Maybe you’ve felt taken for granted by:
- Your spouse. Perhaps the "thank you’s" are rare, while the complaints are being expressed far too often.
- Your children. A child shows little appreciation for what you’ve done for him but complains strongly when you have not done exactly what he wants.
- Your parents. Maybe they show little interest in who you are as a person.
- Your friend. You are the one who usually initiates anything that you do together.
- Your company. You have high standards for your work but do not feel appreciated by those for whom you work.
- Your church. You have served in a variety of roles with little thanks.

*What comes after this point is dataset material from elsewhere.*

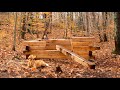 Building a Square Off Grid Log Cabin| Lifting Heavy Logs | Squirrel Confit for Lunch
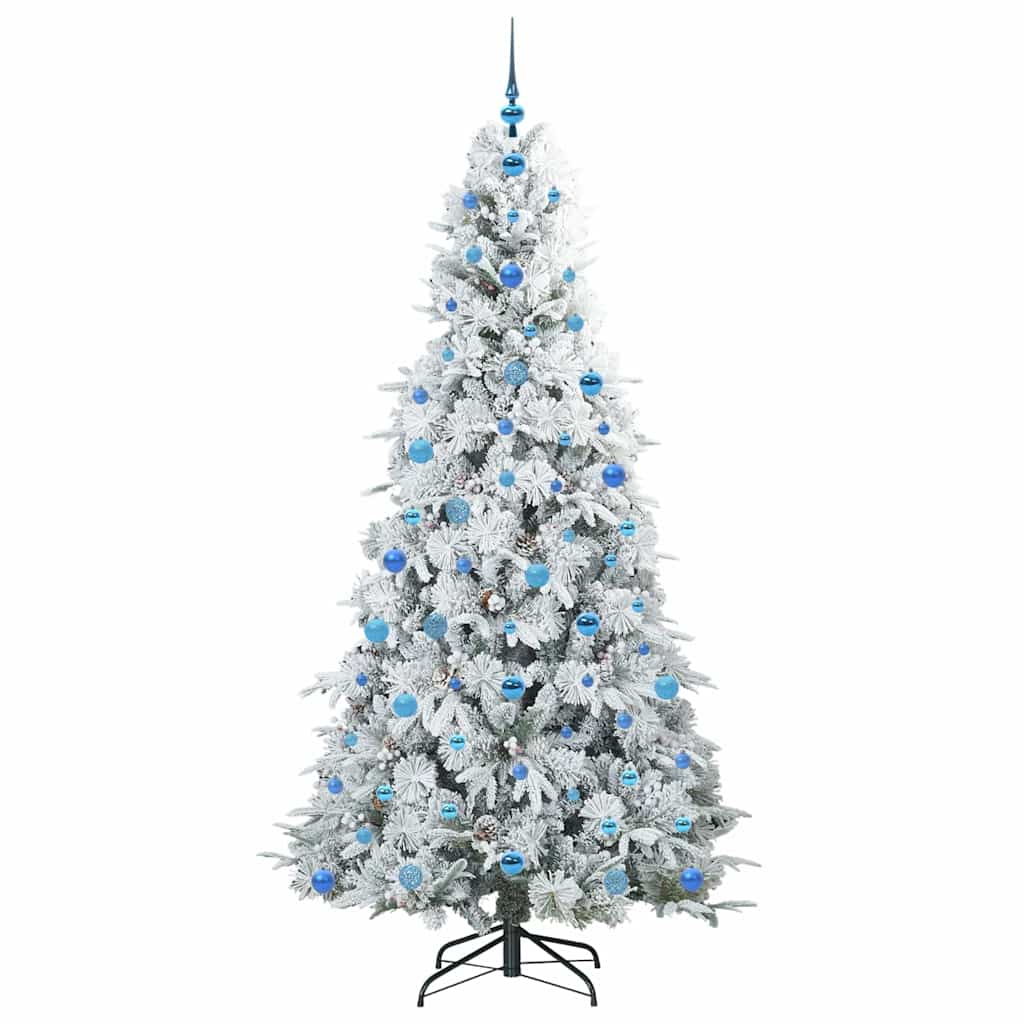 vidaXL Artificial Hinged Christmas Tree White 210 cm PE and PVC 4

What would God’s list look like? This morning, I think about how often he is taken for granted. I think about how often I take him for granted. At this moment, I would like to step in and declare that I am a very grateful person. Grateful to God for every breath he has given me. But–that wouldn’t be true. Far too often I have taken God for granted.
After all, I certainly don’t like being taken for granted. Yet, this happens to most of us and maybe quite often. I can brood about this or just accept that even God experiences this.
Maybe by the grace of God, I can do what God does. After all, he does not take his creation for granted but continues to love and sustain us each day. I don’t want to take people for granted either.
- I don’t want to take the woman at the cleaners for granted.
- I don’t want to take the clerk at Target for granted.
- I don’t want to take my wife or children for granted.
- I don’t want to take the Crestview church for granted.
- I don’t want to take God’s gifts for granted.
- I don’t want to take God himself for granted.
I don’t want to take my life or the people in my life for granted because that is so unlike God.
Tomorrow, our daughter Christine will have been married one year. She married a wonderful young man, Phillip. They are both committed Christ-followers. I take none of that for granted. And—I don’t want to ever take them for granted. I want to appreciate Christine and Phillip and be thankful for who they are. It is important that they hear that I appreciate them. It is not enough to just think about it.
People are not mind readers. If I appreciate someone, I really need to tell them. Far too many people rarely hear a word of appreciation from their parents, their children, their church, etc. How does that change? It begins in my little corner of the world.
Today, I want to be grateful to God for who he is and for the many good moments I will experience today.
Today, I want several people in my world to hear the words, "Thank you."
(I am also wondering, why do churches often seem to take people for granted? Why is it that in some churches people rarely hear a "thank you"? Maybe I’m off here, but I sense there are many in churches who really don’t feel appreciated.)